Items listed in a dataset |
== Segment start ==

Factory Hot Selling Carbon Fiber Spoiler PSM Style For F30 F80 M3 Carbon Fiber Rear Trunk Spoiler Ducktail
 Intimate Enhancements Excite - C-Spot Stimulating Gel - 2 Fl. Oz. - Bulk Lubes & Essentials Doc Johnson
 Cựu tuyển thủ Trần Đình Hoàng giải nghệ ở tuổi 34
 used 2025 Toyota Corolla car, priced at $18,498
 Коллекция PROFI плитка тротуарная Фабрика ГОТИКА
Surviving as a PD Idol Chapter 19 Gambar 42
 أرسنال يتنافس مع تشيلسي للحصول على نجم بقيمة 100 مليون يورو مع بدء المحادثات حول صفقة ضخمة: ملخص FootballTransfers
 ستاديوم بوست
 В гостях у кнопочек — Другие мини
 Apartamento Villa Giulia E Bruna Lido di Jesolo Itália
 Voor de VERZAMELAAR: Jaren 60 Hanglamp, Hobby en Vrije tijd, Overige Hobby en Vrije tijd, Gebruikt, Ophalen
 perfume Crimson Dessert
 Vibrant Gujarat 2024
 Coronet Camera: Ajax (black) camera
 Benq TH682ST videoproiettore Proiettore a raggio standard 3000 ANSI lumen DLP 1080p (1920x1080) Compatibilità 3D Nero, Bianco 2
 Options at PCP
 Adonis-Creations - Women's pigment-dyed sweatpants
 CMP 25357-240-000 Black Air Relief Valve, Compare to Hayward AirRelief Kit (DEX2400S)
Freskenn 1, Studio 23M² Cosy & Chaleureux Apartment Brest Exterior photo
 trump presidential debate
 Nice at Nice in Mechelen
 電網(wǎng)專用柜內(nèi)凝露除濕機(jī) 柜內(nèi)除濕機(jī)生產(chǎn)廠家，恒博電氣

== Segment end ==

With the line holding "Apartamento Villa Giulia" as the first and the line holding "Coronet Camera: Ajax (black) camera" as the last, set down that range of the entries above exactly, and nothing else.

 Apartamento Villa Giulia E Bruna Lido di Jesolo Itália
 Voor de VERZAMELAAR: Jaren 60 Hanglamp, Hobby en Vrije tijd, Overige Hobby en Vrije tijd, Gebruikt, Ophalen
 perfume Crimson Dessert
 Vibrant Gujarat 2024
 Coronet Camera: Ajax (black) camera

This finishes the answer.